Until We Get Our House in Order, Let's Stop Taking in Immigrants

By Charley Reese
Volume 2, Number 1 (Fall 1991)
Issue theme: "Immigration and free trade with Mexico"

Are we suffering from unemployment? Yes. In many cities it's in the double digits. Do our governments at the various levels have ample funds to provide for infrastructure and public education? They all say no. Do we have large numbers of Americans living in poverty? Yes.

Then why in the name of reason does Congress admit nearly 900,000 new immigrants every year - and is talking, even now, about admitting more under various categories? Nine hundred thousand souls equals a new major metropolitan area per year.

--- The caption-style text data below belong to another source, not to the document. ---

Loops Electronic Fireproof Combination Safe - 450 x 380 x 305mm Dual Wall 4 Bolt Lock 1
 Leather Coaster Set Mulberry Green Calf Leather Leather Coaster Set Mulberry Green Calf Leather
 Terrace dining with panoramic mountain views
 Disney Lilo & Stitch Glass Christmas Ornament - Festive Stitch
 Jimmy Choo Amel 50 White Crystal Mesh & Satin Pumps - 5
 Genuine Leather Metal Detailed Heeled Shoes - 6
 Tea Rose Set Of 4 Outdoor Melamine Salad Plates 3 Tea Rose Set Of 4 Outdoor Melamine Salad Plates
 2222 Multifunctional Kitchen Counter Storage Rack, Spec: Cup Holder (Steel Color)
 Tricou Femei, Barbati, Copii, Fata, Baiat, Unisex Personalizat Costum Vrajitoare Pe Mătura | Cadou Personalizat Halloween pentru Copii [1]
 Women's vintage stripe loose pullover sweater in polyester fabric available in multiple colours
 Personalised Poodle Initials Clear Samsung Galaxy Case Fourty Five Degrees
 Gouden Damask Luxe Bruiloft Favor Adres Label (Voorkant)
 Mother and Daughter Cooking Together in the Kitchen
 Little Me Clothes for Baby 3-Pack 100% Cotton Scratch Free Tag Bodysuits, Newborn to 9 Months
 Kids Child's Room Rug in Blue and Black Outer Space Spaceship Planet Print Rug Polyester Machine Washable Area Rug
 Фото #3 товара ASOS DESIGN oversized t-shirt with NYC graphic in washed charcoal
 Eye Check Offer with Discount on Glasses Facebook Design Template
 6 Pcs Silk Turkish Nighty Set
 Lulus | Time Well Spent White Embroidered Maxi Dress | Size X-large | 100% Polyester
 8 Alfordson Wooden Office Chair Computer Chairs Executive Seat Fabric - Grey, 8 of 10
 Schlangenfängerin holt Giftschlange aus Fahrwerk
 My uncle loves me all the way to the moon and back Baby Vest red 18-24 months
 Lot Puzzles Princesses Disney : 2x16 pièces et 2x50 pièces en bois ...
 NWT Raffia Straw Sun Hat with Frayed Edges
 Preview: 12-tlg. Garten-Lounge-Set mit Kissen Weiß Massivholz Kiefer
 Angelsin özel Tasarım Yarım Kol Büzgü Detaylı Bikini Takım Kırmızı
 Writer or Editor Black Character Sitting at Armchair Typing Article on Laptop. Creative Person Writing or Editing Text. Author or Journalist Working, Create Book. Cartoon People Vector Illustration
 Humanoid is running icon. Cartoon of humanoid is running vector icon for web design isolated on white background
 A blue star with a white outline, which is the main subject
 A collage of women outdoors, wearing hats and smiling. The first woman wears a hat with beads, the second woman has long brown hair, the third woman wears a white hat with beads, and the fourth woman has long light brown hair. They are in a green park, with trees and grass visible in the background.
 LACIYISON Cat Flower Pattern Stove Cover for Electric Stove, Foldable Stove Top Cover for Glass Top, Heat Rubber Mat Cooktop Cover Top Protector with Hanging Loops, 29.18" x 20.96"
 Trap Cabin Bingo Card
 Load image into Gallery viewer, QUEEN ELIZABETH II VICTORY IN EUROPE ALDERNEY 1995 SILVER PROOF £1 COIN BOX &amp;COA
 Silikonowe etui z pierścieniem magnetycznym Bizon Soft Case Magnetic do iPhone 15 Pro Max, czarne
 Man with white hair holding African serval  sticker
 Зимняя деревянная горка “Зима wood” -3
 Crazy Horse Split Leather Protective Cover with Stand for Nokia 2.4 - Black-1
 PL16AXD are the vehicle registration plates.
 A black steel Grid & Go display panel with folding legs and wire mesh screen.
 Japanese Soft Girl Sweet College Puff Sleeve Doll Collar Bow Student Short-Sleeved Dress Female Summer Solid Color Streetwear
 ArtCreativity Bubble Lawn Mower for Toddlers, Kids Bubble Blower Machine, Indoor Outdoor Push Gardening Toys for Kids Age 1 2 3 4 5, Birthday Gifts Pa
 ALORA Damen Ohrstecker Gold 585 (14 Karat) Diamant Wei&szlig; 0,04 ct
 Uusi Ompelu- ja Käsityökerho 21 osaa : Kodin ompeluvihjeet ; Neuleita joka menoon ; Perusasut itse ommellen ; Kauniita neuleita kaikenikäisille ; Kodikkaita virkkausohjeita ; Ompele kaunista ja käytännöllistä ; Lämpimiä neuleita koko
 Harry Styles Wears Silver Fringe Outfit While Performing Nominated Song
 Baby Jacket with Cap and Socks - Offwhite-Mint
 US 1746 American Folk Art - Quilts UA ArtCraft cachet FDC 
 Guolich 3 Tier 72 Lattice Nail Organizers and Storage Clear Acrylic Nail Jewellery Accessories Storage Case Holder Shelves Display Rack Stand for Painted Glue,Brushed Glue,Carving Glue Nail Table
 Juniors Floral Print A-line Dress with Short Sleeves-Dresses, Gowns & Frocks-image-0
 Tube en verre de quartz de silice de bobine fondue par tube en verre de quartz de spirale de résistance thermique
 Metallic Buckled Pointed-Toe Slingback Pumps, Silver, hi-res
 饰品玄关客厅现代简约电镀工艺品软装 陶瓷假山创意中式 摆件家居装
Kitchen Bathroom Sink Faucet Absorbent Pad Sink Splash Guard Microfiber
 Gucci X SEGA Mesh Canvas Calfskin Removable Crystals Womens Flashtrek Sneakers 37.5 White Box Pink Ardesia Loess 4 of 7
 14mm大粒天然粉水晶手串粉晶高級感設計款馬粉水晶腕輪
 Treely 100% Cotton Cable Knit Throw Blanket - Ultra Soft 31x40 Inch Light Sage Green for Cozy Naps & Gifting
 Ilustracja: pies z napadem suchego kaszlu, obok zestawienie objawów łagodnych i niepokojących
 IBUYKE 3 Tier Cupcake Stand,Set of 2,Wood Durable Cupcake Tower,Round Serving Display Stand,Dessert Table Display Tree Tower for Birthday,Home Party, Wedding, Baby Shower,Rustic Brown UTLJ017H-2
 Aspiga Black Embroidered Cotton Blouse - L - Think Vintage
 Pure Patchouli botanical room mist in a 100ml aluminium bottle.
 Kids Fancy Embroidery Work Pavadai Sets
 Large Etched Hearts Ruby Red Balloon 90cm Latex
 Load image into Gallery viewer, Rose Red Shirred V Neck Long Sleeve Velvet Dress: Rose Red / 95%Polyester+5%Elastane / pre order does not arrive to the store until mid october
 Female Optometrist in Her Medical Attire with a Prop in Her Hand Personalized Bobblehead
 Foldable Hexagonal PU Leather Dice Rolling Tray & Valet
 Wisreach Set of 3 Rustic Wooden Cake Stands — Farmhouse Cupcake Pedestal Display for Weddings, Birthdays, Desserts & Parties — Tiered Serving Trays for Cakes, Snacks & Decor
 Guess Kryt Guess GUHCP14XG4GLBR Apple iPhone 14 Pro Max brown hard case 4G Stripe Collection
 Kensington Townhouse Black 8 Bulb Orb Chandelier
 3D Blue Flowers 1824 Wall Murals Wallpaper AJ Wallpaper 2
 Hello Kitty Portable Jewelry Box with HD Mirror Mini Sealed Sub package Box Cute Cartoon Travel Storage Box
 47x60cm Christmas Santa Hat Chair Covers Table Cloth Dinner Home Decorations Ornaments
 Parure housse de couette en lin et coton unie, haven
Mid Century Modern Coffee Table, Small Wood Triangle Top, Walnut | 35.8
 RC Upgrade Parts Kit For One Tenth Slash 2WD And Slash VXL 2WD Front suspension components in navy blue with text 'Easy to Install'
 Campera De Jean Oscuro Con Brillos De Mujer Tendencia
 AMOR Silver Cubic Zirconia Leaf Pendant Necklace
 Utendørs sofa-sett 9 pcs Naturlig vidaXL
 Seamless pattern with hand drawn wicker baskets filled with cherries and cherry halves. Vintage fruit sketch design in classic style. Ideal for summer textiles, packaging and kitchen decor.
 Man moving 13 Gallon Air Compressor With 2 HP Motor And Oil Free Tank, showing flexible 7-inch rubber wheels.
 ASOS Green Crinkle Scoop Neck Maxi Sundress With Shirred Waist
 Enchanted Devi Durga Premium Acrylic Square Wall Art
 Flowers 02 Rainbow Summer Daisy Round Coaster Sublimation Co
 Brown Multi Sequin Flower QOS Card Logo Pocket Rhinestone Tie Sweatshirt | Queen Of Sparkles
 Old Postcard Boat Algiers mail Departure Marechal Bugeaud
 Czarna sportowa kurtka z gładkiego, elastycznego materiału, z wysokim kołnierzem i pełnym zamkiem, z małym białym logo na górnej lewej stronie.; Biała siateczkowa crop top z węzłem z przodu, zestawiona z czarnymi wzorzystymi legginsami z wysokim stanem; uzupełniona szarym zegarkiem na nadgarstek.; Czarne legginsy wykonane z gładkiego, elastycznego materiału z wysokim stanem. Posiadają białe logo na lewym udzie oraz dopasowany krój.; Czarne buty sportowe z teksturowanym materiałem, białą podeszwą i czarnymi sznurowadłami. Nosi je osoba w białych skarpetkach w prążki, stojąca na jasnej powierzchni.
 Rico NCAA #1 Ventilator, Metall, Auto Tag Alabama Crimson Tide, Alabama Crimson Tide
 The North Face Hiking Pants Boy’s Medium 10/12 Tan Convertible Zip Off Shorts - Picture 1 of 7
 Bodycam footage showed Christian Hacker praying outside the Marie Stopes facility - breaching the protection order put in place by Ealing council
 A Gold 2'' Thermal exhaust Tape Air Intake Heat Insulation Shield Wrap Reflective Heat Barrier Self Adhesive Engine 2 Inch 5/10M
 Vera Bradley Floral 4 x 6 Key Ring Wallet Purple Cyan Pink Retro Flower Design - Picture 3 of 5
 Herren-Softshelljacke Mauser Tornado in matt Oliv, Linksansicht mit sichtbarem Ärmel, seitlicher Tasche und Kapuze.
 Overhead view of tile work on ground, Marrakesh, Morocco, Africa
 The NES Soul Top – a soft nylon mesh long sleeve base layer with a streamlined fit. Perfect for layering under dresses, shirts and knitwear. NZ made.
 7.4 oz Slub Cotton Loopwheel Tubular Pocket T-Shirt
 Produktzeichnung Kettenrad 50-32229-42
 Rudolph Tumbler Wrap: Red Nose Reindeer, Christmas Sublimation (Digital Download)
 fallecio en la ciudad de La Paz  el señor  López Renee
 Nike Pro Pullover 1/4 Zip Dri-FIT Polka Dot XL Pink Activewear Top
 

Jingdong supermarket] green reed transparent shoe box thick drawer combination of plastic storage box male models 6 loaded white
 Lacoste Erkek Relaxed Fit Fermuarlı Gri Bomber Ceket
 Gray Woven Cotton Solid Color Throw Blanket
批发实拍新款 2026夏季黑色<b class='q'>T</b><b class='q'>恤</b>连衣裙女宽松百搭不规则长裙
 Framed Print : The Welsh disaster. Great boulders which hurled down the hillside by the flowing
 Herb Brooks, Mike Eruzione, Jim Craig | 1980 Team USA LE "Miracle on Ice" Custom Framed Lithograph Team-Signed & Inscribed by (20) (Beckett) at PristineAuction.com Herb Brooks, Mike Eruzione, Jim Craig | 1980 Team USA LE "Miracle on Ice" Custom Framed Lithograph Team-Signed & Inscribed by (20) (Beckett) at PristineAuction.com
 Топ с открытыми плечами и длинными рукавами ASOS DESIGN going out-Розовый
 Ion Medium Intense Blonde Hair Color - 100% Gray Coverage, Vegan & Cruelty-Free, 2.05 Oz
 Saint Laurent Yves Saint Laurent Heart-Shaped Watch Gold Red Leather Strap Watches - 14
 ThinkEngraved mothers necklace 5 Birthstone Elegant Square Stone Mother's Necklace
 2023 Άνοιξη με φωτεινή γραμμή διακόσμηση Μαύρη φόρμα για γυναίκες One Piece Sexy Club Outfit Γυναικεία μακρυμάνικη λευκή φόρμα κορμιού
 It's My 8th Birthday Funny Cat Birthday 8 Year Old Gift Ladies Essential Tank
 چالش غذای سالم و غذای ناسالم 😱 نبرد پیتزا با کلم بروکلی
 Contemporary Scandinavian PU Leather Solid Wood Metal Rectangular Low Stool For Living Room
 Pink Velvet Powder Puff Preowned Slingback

It's time to shut the door, at least for a few years, until we have a chance to get our house in order financially, economically and socially. We should shut it on a non-discriminatory basis - to everyone.

When you have 28,000 Americans apply for 100 production jobs, as happened recently in Kansas City, you darn sure don't need to be adding 900,000 people per year through immigration looking for jobs.

The United States in 1991 is not the United States of 1890. We have neither the need nor the ability to absorb large numbers of immigrants without aggravating serious problems in our society. We need time to assimilate the millions of relatively recent immigrants already here. There are forces at work that would tend to Balkanize the United States, and this challenge has to be met if we wish to leave our children and grandchildren a viable country in which to live.

Another problem, which immigration is aggravating, is the loss of good-paying jobs people with a high school education or less can work at. We have more and more people competing for fewer and fewer jobs, and that is a recipe for all kinds of nasty things, as desperation and toleration are not found together in the real world.

No kidding, we are facing a problem of historic proportions, and to allow the politicians in Washington to go on catering to special-interest groups in a business-as-usual fashion can have disastrous results.

Nor are we under any moral obligation to accept any immigrants, either as immigrants or refugees. It's a tough world. There are an estimated 15 million refugees in various places and more millions of people who would, naturally enough, love to get into the United States in the hopes of building a better life for themselves.

Our first moral obligation, however, is to our own people, millions of whom are also desperate for a better life. And when I say our own people, I mean all of them - black, white Anglo, Hispanic, Asian or whatever. Anybody who's here is full-fledged American, and it is the welfare of all these Americans that must be made a priority of the government.

God knows I have sympathy for people suffering in foreign countries, but I'm tired of seeing Americans suffer while American largesse and American policy is diverted to non-American causes. Americans, since the end of World War II, have without too much exaggeration carried the rest of the world on their shoulders, and it's time to shuck the burden.

Congress not long ago increased immigration by 35 percent, and as I said earlier, several attempts are being made to further increase immigration. This isn't rational or kind. It's, first of all, catering to ethnic lobbyists. It's, second of all, catering to those who see immigration as a means to push down America's living standards and to make significant political changes. And third, it's stupid.

Does anybody think New York City has lots of surplus resources? How about Grand Rapids, Michigan? Their unemployment rate is 17.2 percent. And of course, the federal government has no deficit and no Himalayan-sized public debt, does it?

I have never seen in my life 535 men and women more consistently out of touch with reality than the present members of the House and Senate. Let's put our ship of state in dry-dock and scrape off the barnacles. Later we may be able to accept more passengers, but not now.